Nuclear Fusion

NUCLEAR FUSION is the JOINING of light nuclei into a heavier one — releasing energy. The most common example: hydrogen → helium. Fusion powers the SUN and all stars. It produces FAR more energy per atom than fission and creates much less radioactive waste. The catch: fusion requires temperatures of ~100 million °C — hotter than the sun's core — to overcome the electric repulsion between protons.

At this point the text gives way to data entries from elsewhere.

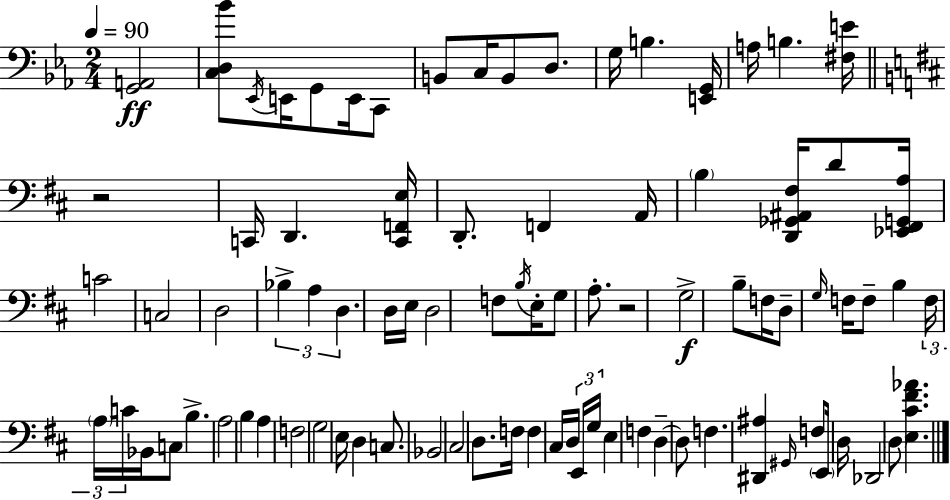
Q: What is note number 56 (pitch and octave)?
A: C3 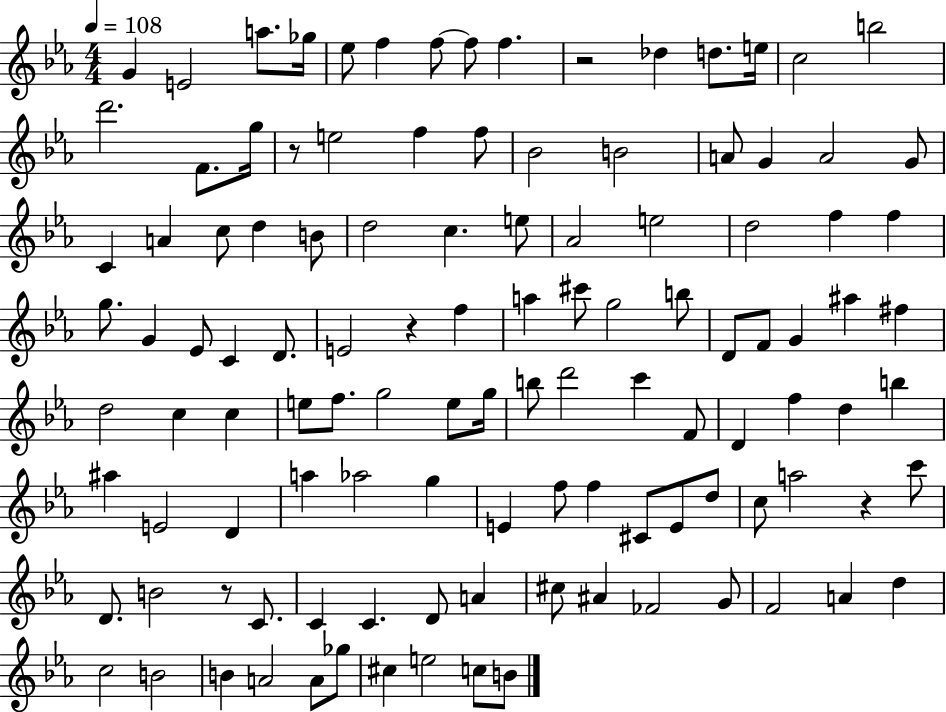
{
  \clef treble
  \numericTimeSignature
  \time 4/4
  \key ees \major
  \tempo 4 = 108
  g'4 e'2 a''8. ges''16 | ees''8 f''4 f''8~~ f''8 f''4. | r2 des''4 d''8. e''16 | c''2 b''2 | \break d'''2. f'8. g''16 | r8 e''2 f''4 f''8 | bes'2 b'2 | a'8 g'4 a'2 g'8 | \break c'4 a'4 c''8 d''4 b'8 | d''2 c''4. e''8 | aes'2 e''2 | d''2 f''4 f''4 | \break g''8. g'4 ees'8 c'4 d'8. | e'2 r4 f''4 | a''4 cis'''8 g''2 b''8 | d'8 f'8 g'4 ais''4 fis''4 | \break d''2 c''4 c''4 | e''8 f''8. g''2 e''8 g''16 | b''8 d'''2 c'''4 f'8 | d'4 f''4 d''4 b''4 | \break ais''4 e'2 d'4 | a''4 aes''2 g''4 | e'4 f''8 f''4 cis'8 e'8 d''8 | c''8 a''2 r4 c'''8 | \break d'8. b'2 r8 c'8. | c'4 c'4. d'8 a'4 | cis''8 ais'4 fes'2 g'8 | f'2 a'4 d''4 | \break c''2 b'2 | b'4 a'2 a'8 ges''8 | cis''4 e''2 c''8 b'8 | \bar "|."
} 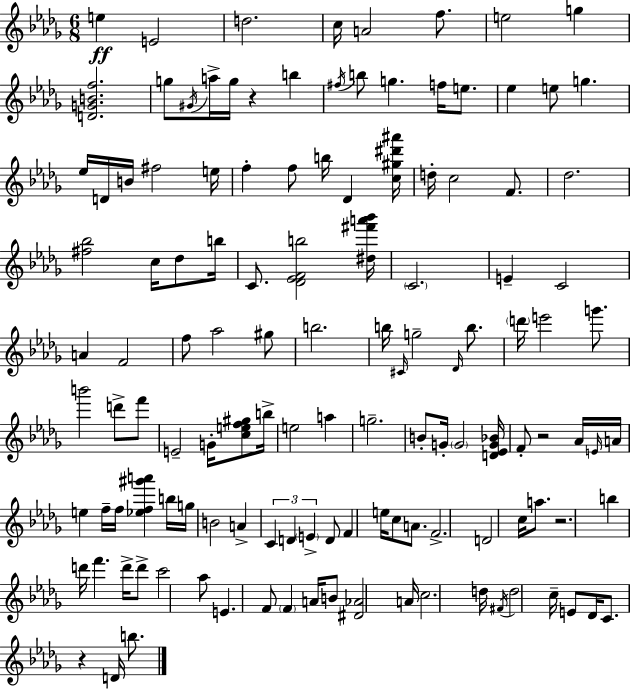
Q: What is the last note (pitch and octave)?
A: B5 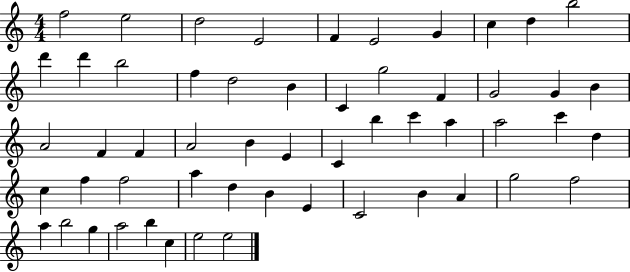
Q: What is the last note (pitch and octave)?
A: E5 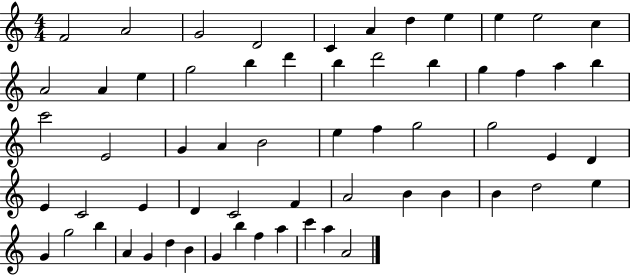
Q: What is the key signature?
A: C major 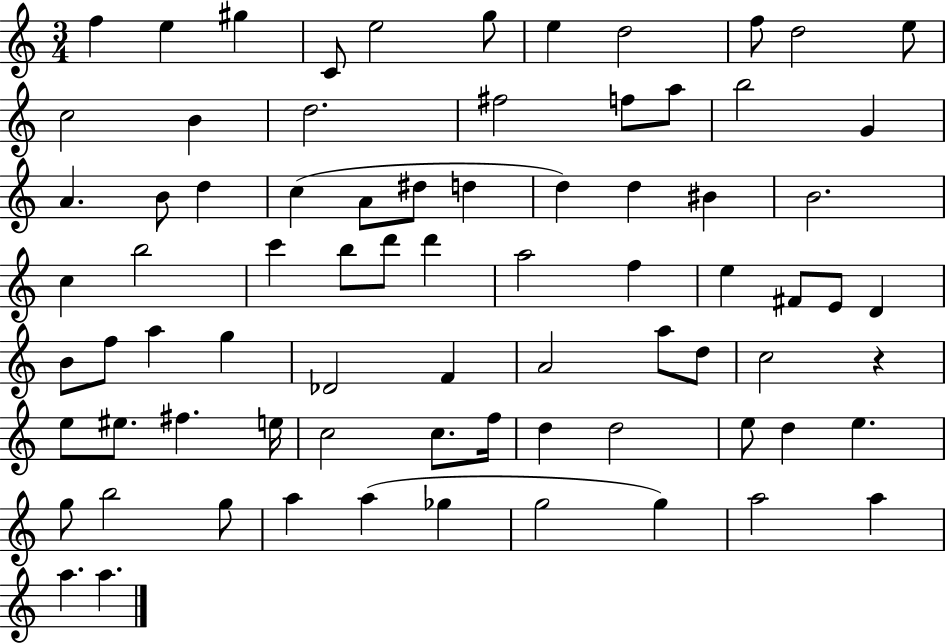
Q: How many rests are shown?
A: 1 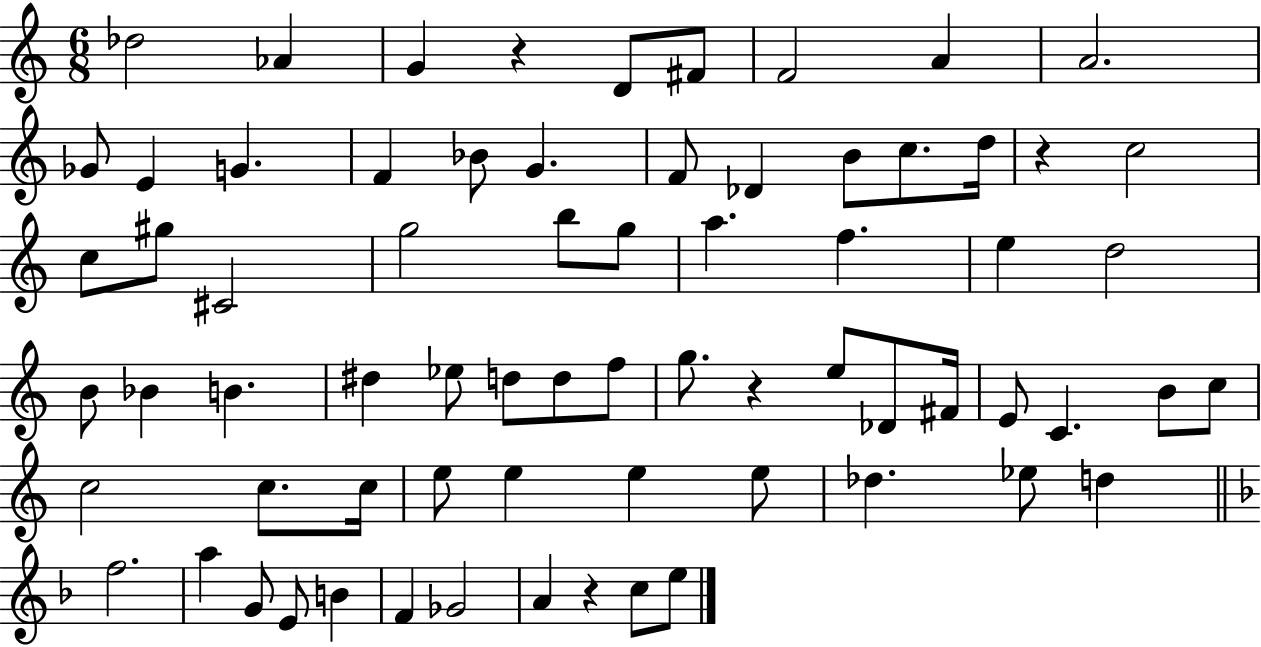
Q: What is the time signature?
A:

Why fusion is hard. To fuse, two positive nuclei must get CLOSE ENOUGH for the strong force to take over. But they REPEL each other electrically. Only at extreme temperature/pressure do nuclei have enough energy to collide. The sun maintains fusion through its enormous gravity. On Earth, we use TOKAMAKS (donut-shaped magnetic confinement chambers) or LASERS (inertial confinement) to recreate fusion conditions. So far, fusion experiments cost more energy than they produce — but progress is real.

The dream. Fusion would offer essentially unlimited clean energy. Fuel (deuterium from seawater) is abundant. Waste is minimal compared to fission. No risk of meltdown (the plasma cools and stops if anything goes wrong). If practical fusion is achieved, it could transform energy globally. Major projects: ITER in France (international tokamak), private companies (Commonwealth Fusion Systems, Helion), and NIF (laser fusion).

Nuclear fusion is one of physics' greatest challenges and humanity's greatest energy possibilities. The race is on.